Below are the entries. Set down exactly the line containing "5203 Mulberry Drive, Burlington, ON" and each line after it.

> THE RECORDS:
● ● ● ● ●

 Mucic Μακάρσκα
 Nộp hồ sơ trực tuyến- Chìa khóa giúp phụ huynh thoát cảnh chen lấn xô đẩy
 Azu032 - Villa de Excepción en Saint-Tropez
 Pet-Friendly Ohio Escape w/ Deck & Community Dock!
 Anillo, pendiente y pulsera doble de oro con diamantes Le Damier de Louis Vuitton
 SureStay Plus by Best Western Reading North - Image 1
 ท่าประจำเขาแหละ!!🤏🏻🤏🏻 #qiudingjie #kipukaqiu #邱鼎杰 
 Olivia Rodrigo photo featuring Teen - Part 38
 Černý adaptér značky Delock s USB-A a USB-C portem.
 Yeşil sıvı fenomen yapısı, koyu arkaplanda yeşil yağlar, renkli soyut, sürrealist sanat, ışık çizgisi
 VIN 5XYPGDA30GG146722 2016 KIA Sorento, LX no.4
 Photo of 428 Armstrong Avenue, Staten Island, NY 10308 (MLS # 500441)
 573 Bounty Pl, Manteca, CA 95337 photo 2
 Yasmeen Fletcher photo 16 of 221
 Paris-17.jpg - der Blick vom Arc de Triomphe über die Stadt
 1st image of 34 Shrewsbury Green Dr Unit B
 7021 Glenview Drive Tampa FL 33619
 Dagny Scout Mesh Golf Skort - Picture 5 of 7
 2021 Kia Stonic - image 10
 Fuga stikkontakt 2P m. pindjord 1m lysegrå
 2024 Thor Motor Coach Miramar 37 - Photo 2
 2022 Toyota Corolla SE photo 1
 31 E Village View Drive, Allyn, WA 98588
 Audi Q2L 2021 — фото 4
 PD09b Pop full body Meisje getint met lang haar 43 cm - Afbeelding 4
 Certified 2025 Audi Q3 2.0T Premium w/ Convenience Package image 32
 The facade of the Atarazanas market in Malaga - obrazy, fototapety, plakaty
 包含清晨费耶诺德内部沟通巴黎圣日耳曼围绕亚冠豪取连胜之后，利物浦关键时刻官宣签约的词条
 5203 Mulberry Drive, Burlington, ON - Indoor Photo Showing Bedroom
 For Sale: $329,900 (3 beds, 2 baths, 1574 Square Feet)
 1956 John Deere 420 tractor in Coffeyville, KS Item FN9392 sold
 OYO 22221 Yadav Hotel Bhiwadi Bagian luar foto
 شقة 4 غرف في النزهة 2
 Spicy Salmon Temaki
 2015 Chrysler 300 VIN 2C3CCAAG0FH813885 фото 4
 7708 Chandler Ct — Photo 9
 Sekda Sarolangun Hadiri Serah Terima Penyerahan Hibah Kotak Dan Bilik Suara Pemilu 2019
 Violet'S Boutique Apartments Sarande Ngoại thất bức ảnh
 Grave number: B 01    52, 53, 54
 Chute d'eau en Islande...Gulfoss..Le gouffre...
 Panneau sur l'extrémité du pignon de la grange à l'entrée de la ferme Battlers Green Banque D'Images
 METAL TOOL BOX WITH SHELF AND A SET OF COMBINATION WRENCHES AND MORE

● ● ● ● ●

> RESULT OF THIS TASK:
 5203 Mulberry Drive, Burlington, ON - Indoor Photo Showing Bedroom
 For Sale: $329,900 (3 beds, 2 baths, 1574 Square Feet)
 1956 John Deere 420 tractor in Coffeyville, KS Item FN9392 sold
 OYO 22221 Yadav Hotel Bhiwadi Bagian luar foto
 شقة 4 غرف في النزهة 2
 Spicy Salmon Temaki
 2015 Chrysler 300 VIN 2C3CCAAG0FH813885 фото 4
 7708 Chandler Ct — Photo 9
 Sekda Sarolangun Hadiri Serah Terima Penyerahan Hibah Kotak Dan Bilik Suara Pemilu 2019
 Violet'S Boutique Apartments Sarande Ngoại thất bức ảnh
 Grave number: B 01    52, 53, 54
 Chute d'eau en Islande...Gulfoss..Le gouffre...
 Panneau sur l'extrémité du pignon de la grange à l'entrée de la ferme Battlers Green Banque D'Images
 METAL TOOL BOX WITH SHELF AND A SET OF COMBINATION WRENCHES AND MORE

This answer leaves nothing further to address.